Stand up comic Jeff Garlin headlines one-man show at Steppenwolf
12/12/2012 10:00 PM
“Why am I at Steppenwolf?!”
Jeff Garlin laughed as he asked this question both to the audience and to himself at the opening night of his new one-man show, Closer Than I Appear, which runs through Dec. 16 at the venerable Lincoln Park playhouse’s Upstairs Theatre. It’s an apt question.
Why is one of Chicago’s shining theatrical lights; the home of August: Osage County; incubator of talent like John Malkovich, Gary Sinise, John Mahoney and Joan Allen (among many others) hosting what is at face value a simple stand-up comedy show? Especially one that is mostly improvised?
Garlin’s background certainly plays into the decision.
The Chicago-born actor, writer, producer, director and stand-up comic has an amazing pedigree: Second City alum; co-star/Executive Producer of hit HBO series Curb Your Enthusiasm; voice work in Pixar animated blockbusters WALL-E, Toy Story 3, and Cars 2; feature film and television director; book author. The list goes on.
The appeal is obvious. Garlin is a big name star that will put butts in seats. And it’s worked before. This isn’t Garlin’s first stint at Steppenwolf. His solo show, No Sugar Tonight, enjoyed a sold-out run at the theater in 2011. His work is a perfect fit for Steppenwolf, though. Closer Than I Appear transcends mere comedy to become a truly personal experience for both performance and audience.

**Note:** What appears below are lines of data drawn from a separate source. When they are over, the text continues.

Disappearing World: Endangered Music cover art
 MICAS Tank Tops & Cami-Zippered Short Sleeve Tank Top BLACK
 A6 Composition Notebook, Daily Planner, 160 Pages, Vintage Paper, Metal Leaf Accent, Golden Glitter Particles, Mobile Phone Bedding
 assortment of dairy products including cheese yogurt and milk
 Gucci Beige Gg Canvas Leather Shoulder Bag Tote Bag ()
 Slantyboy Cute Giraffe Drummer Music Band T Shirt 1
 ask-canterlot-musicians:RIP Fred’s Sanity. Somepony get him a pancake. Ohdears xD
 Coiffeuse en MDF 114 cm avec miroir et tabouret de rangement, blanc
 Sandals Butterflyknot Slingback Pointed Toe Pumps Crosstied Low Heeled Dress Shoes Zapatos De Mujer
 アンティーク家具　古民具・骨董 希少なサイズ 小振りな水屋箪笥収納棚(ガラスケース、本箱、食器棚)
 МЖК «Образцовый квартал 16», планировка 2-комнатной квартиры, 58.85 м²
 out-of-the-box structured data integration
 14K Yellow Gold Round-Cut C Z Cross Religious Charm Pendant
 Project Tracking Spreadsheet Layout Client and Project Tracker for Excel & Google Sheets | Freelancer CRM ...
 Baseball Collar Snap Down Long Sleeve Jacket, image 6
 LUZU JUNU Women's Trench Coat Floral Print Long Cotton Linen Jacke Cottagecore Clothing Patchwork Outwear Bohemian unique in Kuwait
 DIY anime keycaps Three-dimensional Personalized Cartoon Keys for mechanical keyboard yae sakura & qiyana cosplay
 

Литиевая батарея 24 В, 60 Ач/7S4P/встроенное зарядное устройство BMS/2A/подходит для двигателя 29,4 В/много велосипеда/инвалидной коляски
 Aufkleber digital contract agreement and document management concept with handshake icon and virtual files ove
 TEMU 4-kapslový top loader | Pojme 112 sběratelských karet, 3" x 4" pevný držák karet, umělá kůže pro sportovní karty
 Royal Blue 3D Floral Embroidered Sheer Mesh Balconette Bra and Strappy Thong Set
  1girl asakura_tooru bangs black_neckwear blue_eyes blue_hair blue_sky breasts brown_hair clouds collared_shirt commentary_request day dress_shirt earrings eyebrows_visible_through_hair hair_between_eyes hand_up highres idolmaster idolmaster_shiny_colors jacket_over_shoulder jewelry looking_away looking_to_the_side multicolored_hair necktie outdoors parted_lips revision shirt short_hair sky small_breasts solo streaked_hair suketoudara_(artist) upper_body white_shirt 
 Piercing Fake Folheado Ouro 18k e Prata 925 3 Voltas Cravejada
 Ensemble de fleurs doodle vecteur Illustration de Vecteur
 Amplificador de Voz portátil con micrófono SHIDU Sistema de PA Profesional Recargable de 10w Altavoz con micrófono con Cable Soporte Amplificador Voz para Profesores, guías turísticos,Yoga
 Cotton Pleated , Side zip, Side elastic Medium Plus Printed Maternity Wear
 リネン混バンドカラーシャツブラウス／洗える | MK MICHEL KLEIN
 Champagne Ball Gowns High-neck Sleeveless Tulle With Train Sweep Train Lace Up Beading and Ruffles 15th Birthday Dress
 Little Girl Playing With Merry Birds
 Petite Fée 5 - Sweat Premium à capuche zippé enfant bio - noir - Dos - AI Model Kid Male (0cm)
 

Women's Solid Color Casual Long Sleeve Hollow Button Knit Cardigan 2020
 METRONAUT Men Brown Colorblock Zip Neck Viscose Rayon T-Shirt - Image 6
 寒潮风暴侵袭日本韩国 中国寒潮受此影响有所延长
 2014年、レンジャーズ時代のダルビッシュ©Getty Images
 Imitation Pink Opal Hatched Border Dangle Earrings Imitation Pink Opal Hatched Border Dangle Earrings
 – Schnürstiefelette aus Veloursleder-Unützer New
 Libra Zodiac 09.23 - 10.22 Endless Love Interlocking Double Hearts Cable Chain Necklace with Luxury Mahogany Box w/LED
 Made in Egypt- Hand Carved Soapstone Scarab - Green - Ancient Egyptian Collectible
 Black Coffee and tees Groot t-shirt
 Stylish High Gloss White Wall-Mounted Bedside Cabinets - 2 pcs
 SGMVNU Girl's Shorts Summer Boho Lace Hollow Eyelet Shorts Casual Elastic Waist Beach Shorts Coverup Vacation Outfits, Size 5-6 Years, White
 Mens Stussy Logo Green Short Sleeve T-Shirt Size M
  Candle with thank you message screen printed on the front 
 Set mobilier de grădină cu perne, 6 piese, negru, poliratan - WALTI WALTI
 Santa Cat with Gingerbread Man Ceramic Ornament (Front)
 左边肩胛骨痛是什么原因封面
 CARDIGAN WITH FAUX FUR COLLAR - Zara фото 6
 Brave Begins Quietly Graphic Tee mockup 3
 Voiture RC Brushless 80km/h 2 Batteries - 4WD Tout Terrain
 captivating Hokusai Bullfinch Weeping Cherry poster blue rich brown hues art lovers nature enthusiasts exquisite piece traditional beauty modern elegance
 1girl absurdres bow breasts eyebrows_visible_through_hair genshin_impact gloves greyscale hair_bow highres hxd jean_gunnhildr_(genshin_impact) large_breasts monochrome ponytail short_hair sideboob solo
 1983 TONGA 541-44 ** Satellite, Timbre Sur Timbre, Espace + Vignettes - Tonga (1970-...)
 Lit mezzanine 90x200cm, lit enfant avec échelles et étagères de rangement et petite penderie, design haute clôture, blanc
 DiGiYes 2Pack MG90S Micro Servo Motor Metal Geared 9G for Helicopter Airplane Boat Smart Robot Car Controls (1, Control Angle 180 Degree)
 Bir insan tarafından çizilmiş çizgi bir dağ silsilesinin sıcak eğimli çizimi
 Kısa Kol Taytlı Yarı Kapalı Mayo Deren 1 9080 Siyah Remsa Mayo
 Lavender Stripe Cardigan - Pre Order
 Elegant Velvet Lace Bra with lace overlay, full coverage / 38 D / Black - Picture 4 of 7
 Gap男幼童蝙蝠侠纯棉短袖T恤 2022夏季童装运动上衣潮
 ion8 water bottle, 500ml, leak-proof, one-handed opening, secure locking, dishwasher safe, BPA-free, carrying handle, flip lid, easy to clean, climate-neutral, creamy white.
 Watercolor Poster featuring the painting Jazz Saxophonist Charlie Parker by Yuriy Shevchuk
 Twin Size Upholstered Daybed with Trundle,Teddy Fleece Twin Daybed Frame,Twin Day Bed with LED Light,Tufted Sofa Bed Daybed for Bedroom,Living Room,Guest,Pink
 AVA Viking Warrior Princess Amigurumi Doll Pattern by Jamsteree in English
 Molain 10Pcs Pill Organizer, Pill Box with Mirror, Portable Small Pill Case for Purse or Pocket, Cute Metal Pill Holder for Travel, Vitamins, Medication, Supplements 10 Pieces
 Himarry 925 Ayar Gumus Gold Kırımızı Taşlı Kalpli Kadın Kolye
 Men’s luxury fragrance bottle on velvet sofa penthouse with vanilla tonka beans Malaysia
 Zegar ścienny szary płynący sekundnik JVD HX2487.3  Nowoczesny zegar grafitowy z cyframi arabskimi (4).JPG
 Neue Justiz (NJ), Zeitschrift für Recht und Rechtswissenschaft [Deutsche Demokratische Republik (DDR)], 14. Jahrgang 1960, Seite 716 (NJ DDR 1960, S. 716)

As its title suggests, Closer Than I Appear is an open door; a chance for audiences to get up close and personal with Garlin, who in turn uses the proximity as an opportunity to open himself up to them. Instead of simply being a stand-up comic delivering canned bits to a captive audience, Garlin comes off as your cool uncle or hilarious college roommate — the one who swoops in out of the blue with awesome stories, dirty jokes and handfuls of gifts (literally — Garlin gives out swaggy goods throughout the show).
The improvisation allows Garlin to achieve this synergy with the audience. The comedian is upfront at the beginning of the show that he’s winging it. Some of the material is prepped in advance, of course, but they serve as mere jumping off points for Garlin to talk about his wife and kids, life in Hollywood, struggles with his weight, politics, growing up in Chicago and whatever ridiculous tangent catches his fancy. Closer Than I Appear is one long tangent, in fact, held together by Garlin’s charisma. The tangents often sink without laugher, but Garlin’s embrace of such awkward moments makes him all the more endearing. He’s quick to laugh at himself, and at others, too.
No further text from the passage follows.